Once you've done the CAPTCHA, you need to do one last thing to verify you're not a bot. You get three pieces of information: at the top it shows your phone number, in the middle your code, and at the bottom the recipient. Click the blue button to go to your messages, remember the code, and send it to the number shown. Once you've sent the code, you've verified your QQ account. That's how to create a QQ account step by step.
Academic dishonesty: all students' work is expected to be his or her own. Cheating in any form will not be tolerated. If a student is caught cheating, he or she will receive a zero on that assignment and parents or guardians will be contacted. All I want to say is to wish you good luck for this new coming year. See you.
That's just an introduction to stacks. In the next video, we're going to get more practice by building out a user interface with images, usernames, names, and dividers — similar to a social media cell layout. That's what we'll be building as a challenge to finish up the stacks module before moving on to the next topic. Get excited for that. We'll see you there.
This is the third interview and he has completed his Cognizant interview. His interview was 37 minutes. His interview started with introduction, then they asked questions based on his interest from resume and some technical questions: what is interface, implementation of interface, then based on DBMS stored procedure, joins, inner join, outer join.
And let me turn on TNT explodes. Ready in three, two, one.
* * *
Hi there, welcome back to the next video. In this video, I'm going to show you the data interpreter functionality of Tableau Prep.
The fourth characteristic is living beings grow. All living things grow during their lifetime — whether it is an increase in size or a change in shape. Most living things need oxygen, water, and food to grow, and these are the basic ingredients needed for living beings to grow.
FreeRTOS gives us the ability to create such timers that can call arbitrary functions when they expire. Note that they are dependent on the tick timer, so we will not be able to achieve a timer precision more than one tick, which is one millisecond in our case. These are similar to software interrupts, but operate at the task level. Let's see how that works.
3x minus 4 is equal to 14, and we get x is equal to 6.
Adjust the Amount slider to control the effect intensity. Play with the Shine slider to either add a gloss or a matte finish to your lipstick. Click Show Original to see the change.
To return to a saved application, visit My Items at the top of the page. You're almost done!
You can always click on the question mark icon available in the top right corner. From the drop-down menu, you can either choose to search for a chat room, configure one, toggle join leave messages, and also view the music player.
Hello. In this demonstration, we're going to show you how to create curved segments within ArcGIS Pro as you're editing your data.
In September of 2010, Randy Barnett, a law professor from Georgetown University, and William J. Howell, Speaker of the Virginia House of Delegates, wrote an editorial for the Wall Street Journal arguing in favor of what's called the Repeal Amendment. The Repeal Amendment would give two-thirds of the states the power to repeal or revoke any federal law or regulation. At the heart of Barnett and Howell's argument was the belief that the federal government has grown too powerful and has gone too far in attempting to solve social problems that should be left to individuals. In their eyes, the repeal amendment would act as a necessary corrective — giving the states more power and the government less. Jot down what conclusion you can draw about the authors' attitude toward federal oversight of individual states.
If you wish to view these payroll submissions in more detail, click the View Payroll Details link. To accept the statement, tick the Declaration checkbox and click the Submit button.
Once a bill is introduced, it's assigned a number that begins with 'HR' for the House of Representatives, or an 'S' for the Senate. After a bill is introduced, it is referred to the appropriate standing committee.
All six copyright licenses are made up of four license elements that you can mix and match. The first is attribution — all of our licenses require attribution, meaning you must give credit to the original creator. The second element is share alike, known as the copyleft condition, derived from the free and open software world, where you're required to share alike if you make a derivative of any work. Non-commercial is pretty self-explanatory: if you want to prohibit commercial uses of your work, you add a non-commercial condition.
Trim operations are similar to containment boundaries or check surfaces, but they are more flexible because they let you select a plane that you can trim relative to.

* Exercise *
Look through the material above and print exactly the lines from the one containing "This is the" to the one containing "And let me turn", both included, and nothing more.

* Response to this task *
This is the third interview and he has completed his Cognizant interview. His interview was 37 minutes. His interview started with introduction, then they asked questions based on his interest from resume and some technical questions: what is interface, implementation of interface, then based on DBMS stored procedure, joins, inner join, outer join.
And let me turn on TNT explodes. Ready in three, two, one.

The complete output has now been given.